### Supplied information ###
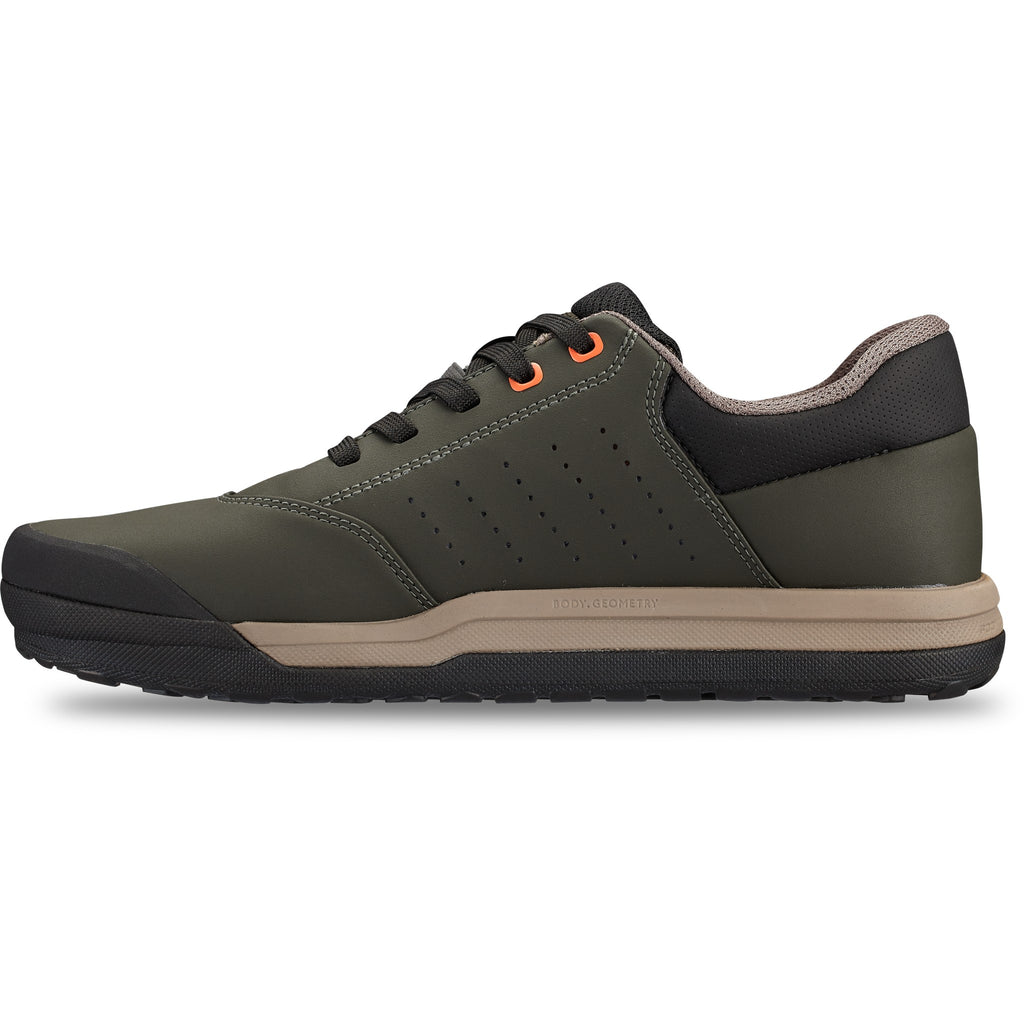 2FO Roost Flat Syn Shoe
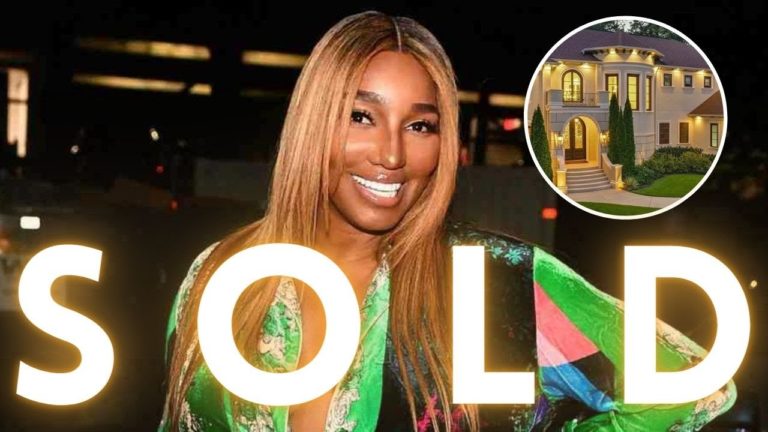 NeNe Leakes Sells $4 Million George Mansion After TWO Price Cuts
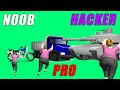 Fat Pusher NOOB vs PRO vs HACKER von A Fat Pusher NOOB vs PRO vs HACKER von A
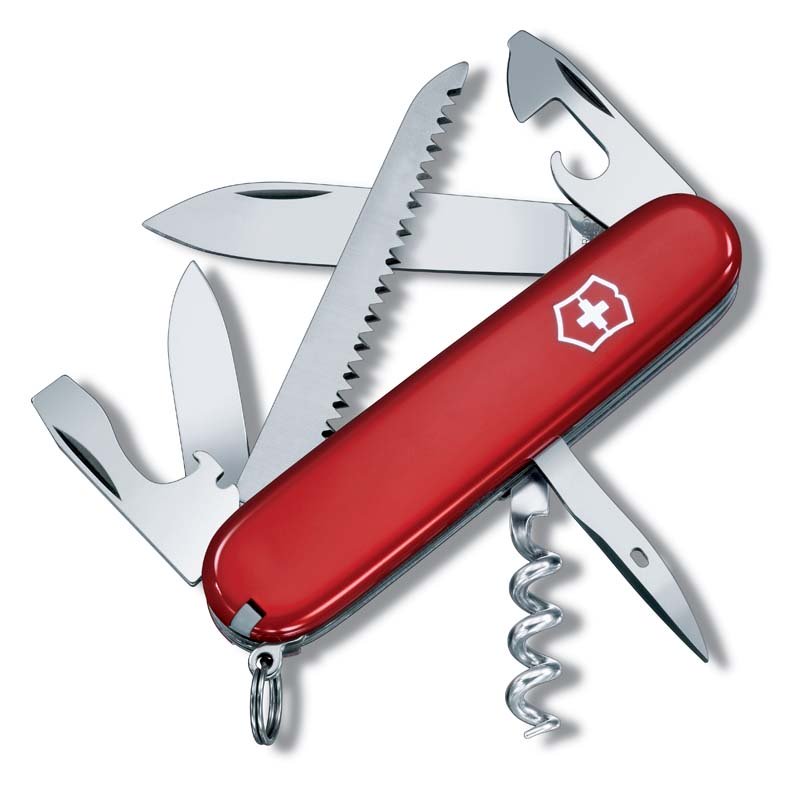 Нож перочинный Camper VICTORINOX 1.3613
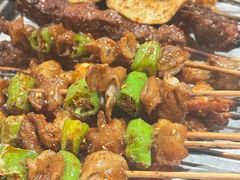 -聚点串吧·北京烧烤(赵登禹路店)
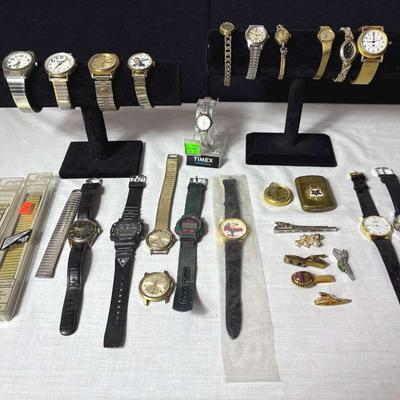 Watches, Mens & Womens 
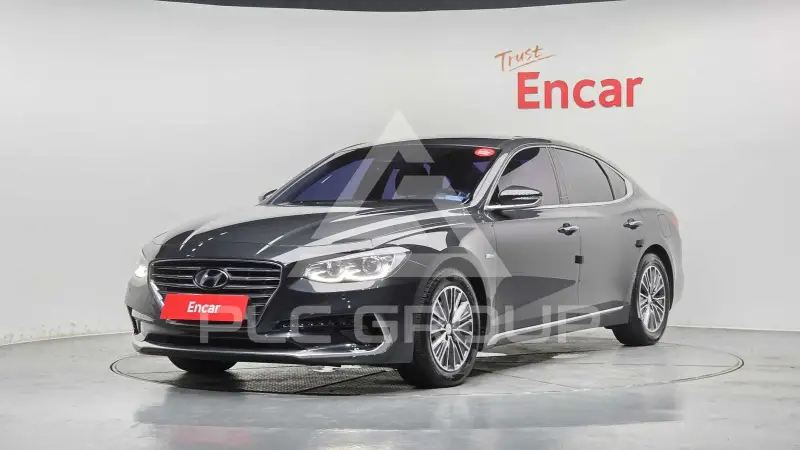 2019 Hyundai Grandeur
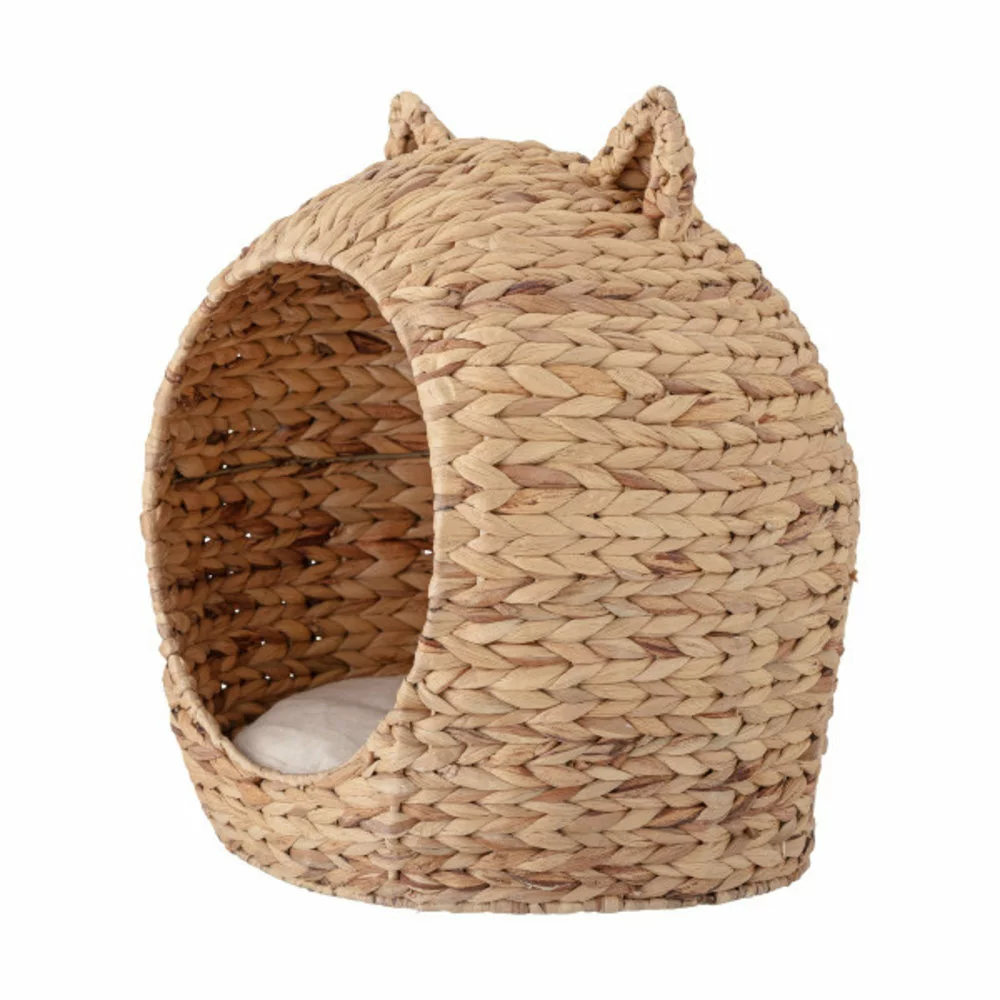 Bloomingville Gar Kattenmand - Naturel 4 Bloomingville Gar Kattenmand - Naturel - Afbeelding 2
###
* **Work instruction**
Please repeat, exactly and with nothing else, the lines from the one containing "2019 Hyundai Grandeur" to the last line of the entries, both included, excluding any pictures.

* **Exercise answer**
 2019 Hyundai Grandeur
 Bloomingville Gar Kattenmand - Naturel 4 Bloomingville Gar Kattenmand - Naturel - Afbeelding 2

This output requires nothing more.